Since the deliveries already had interrupted the briefing, Ann and Cate took one of the cars and picked up sheets and blankets and pillows for the beds and towels and washcloths for the bathrooms. They stopped by a discount store and bought cheap dishes, plastic utensils, and an electric coffeepot. Then they went to a grocery store for all the necessities they could think of on short notice.

By the time they returned to the house, the tables had been set up in the living room and the files that had been scattered all over the place were being organized by Erika and put away in the filing cabinets. The tech people from the Houston field office had been over and set up computer terminals that tied them in with all the necessary Bureau communications. Two more telephones had been installed as well and were sitting on the folding tables, which had been arranged
back to back, making one large rectangular workspace facing the courtyard.

Then Neil Jernigan arrived. As squad supervisor of the Special Operations Group that would be responsible for surveillance on the arriving Russians, Jernigan wanted to know what Hain was expecting in the way of countersurveillance from Krupatin. Cate was reassured by Jernigan’s presence. She had worked with him before and knew him to be unflappable and uncommonly observant. He considered surveillance an intricate dance, a tango with feints and slides and innuendos of chase. He was an olive-skinned man with thick, straight hair and features that suggested Bombay or Delhi, though he was clearly not Indian.

Jernigan’s queries resulted in another long session in which Ometov, Jaeger, and Loder related their experiences with Krupatin’s techies. They were sophisticated. He used ex-KGB officers, which meant they used methods and technologies that weren’t altogether unfamiliar to FBI counterintelligence. But a lot had changed in Russia and it had changed fast, and people like Krupatin were no longer behind the times. He could afford the best technology, and he would have it. He could afford the best people, and he would have them.

By the time Jernigan left, the long day was beginning to wear on everyone. They all agreed to retire to their rooms to unpack and take a few minutes alone.
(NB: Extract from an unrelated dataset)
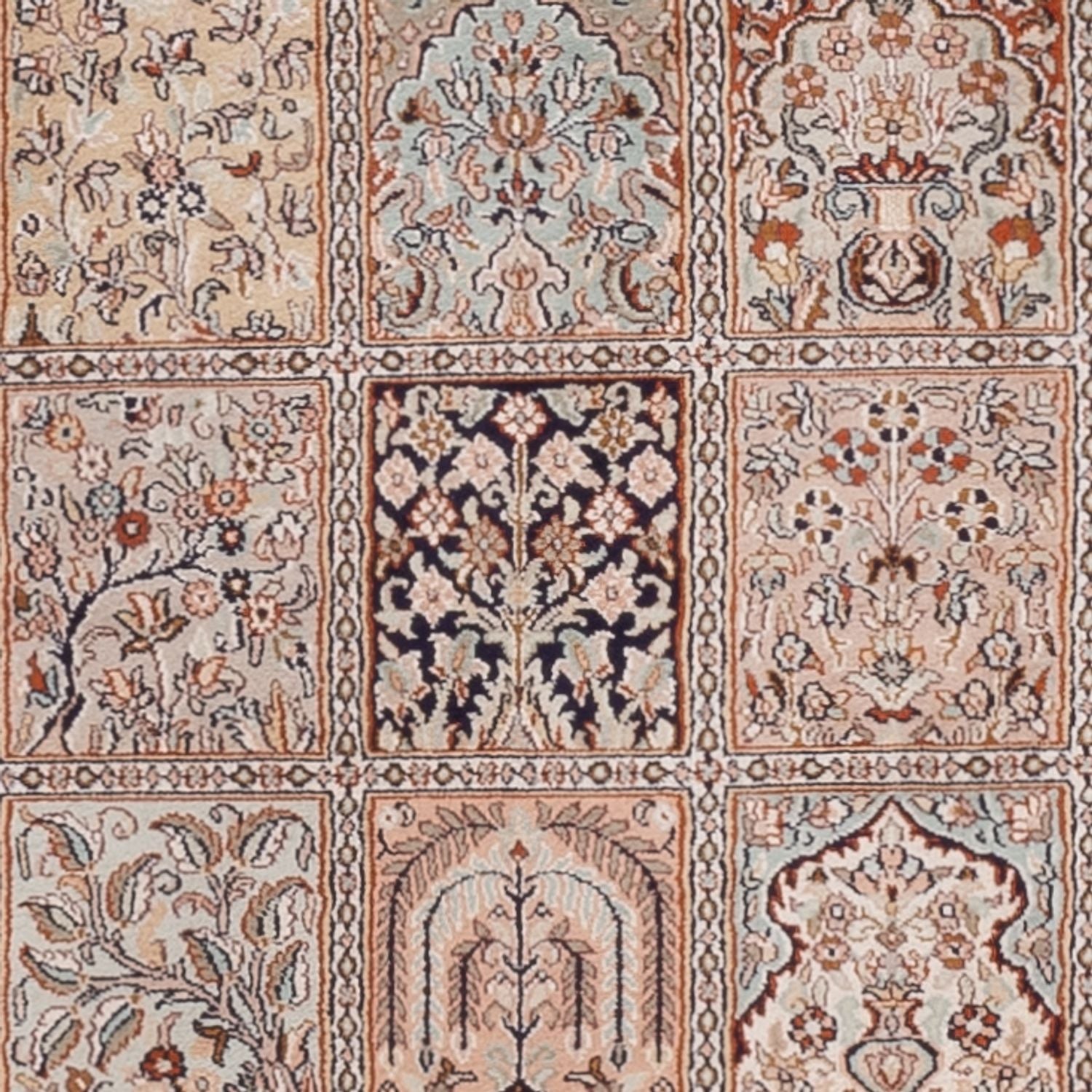 Tappeto corsia Tappeto di seta - Seta del Kashmir - 298 x 77 cm - beige scuro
One of the corridors of the house had three bedrooms opening into it, and the three women moved into these. Cate’s room was at the end of the hallway on the inside corner, so that two of her windows looked out onto the house’s interior courtyard—which contained the palms Ometov had admired—while two others looked out into the dense woods at the rear of the house. One of the city’s bayous was not far away.

She unpacked her clothes, double-checked to see whether she had indeed brought anything that matched, and was relieved to find that she had packed better than she remembered. In a few minutes everything was hanging in a closet, the several dresses looking bereft and temporary and somehow a little depressing. Without any clothes chests, she had to keep her underwear in her suitcase, which she put beneath her clothes in the closet. She took the sheets out of their plastic
wrappings and made up the bed, putting the pillow at the head and the blanket across the foot. Then she went into the bathroom and spent some time scrubbing, making the place her place. As she worked, she thought about the people she had been listening to for the past several hours, and she thought about Krupatin. Once she even thought about Tavio, but she quickly shoved him back into oblivion. That was where she needed to keep him until she had enough balance, enough time, to turn around and deal with him.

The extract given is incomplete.